After years of development, AI is now driving cars on public roads, making life-changing assessments for people in correctional settings, and generating award-winning art. A longstanding question in the field is whether a superintelligent AI could break bad and take out humanity, and researchers from the University of Oxford and affiliated with Google DeepMind have now concluded that it’s “likely” in new research.
The paper, published last month in the peer-reviewed AI Magazine, is a fascinating one that tries to think through how artificial intelligence could pose an existential risk to humanity by looking at how reward systems might be artificially constructed.
To give you some of the background: The most successful AI models today are known as GANs, or Generative Adversarial Networks. They have a two-part structure where one part of the program is trying to generate a picture (or sentence) from input data, and a second part is grading its performance. What the new paper proposes is that at some point in the future, an advanced AI overseeing some important function could be incentivized to come up with cheating strategies to get its reward in ways that harm humanity.
“Under the conditions we have identified, our conclusion is much stronger than that of any previous publication—an existential catastrophe is not just possible, but likely,” Cohen said on Twitter in a thread about the paper.

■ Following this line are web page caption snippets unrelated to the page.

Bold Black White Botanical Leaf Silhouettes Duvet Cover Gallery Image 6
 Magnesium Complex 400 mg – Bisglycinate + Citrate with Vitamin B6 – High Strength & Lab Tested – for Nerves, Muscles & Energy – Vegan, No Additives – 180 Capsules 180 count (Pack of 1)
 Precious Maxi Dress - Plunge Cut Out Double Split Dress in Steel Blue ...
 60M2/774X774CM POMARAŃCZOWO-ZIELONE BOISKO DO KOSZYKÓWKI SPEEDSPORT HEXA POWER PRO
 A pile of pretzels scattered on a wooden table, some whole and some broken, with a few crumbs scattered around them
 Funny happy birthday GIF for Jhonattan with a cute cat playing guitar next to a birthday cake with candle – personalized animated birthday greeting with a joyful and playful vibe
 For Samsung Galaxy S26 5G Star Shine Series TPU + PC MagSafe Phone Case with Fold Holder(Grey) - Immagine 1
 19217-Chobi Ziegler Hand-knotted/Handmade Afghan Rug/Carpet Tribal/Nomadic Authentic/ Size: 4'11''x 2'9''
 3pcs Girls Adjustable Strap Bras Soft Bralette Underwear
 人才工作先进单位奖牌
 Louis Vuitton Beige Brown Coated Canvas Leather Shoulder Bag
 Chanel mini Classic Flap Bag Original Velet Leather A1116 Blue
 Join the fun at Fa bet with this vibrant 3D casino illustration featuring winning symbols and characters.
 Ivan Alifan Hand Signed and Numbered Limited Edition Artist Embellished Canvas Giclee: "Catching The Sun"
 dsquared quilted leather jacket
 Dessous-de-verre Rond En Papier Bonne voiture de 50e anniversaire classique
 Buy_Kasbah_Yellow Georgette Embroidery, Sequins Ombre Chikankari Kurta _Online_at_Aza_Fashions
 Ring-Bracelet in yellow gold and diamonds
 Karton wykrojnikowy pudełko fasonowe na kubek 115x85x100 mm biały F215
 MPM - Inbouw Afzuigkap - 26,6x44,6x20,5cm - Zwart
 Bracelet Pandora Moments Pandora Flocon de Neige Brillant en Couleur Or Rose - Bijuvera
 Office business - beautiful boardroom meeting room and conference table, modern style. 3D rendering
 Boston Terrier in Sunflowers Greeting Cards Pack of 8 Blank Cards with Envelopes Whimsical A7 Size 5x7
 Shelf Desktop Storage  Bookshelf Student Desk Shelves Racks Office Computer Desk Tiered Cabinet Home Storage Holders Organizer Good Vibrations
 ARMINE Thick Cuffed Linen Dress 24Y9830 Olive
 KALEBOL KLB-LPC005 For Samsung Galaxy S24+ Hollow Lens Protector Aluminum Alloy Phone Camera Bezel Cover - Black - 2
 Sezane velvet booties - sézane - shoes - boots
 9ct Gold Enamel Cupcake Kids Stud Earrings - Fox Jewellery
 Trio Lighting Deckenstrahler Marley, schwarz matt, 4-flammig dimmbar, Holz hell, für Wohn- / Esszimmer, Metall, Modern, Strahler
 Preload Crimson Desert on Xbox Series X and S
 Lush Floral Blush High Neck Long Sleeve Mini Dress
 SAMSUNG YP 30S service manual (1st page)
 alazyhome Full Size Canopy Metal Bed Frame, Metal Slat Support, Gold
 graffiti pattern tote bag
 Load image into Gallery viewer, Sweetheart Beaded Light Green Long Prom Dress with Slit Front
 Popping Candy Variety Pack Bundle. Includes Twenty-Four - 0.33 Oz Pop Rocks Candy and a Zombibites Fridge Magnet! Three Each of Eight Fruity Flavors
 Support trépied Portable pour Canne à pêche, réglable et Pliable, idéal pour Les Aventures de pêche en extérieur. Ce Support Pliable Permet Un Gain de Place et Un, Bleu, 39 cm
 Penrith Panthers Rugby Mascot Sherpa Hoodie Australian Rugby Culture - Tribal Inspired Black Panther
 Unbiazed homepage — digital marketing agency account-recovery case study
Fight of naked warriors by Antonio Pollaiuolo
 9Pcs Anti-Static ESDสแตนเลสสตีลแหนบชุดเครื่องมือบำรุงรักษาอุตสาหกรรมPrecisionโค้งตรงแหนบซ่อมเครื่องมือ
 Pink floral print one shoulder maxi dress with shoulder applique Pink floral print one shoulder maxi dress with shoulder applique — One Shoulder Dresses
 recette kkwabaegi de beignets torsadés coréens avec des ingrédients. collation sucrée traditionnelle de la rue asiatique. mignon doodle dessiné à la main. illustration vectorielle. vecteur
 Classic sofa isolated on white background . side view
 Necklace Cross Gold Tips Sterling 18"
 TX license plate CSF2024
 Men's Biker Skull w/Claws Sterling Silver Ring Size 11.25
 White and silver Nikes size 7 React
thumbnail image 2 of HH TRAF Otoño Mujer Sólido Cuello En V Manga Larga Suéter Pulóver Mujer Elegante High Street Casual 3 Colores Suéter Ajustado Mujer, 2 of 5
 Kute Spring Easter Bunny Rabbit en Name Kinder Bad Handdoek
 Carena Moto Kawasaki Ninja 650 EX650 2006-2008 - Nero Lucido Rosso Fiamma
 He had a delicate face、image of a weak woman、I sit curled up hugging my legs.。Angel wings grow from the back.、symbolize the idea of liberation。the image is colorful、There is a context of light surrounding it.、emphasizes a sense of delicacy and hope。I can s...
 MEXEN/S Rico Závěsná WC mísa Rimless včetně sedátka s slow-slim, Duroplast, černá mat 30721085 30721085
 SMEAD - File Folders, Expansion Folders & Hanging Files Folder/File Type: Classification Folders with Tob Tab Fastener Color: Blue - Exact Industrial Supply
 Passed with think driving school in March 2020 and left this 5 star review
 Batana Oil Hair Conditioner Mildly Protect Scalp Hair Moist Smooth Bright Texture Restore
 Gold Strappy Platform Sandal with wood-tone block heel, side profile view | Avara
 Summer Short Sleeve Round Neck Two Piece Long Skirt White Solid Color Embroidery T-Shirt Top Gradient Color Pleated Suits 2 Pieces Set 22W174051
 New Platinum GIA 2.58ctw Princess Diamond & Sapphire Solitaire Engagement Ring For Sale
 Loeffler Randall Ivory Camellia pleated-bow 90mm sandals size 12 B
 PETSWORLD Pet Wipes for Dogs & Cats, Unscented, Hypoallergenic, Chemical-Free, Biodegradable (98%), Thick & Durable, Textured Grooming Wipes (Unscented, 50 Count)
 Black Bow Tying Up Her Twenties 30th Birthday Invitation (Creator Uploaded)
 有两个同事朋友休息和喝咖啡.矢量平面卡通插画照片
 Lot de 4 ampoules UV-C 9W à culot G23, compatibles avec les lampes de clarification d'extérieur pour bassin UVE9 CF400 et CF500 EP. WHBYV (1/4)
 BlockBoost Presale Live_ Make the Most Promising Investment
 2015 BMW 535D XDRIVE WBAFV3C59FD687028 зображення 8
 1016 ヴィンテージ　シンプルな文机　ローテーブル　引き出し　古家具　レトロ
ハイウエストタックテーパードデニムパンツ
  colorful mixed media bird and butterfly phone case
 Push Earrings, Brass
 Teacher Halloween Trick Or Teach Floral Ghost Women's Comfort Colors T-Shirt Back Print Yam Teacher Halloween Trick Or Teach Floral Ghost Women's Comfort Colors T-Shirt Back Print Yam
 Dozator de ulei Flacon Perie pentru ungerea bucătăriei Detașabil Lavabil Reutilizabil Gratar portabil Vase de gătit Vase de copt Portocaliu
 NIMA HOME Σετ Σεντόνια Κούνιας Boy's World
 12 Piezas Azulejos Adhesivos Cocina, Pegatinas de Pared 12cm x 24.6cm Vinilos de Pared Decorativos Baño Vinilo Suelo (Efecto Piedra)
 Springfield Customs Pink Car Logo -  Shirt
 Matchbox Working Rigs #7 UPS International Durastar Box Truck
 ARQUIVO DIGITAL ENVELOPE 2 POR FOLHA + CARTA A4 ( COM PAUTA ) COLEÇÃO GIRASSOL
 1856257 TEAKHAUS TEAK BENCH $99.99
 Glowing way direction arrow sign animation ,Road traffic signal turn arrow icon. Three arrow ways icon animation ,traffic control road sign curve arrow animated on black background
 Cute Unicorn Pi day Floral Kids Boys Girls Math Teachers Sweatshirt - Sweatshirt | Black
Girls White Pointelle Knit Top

"In a world with infinite resources, I would be extremely uncertain about what would happen. In a world with finite resources, there's unavoidable competition for these resources," Cohen told Motherboard in an interview. "And if you're in a competition with something capable of outfoxing you at every turn, then you shouldn't expect to win. And the other key part is that it would have an insatiable appetite for more energy to keep driving the probability closer and closer."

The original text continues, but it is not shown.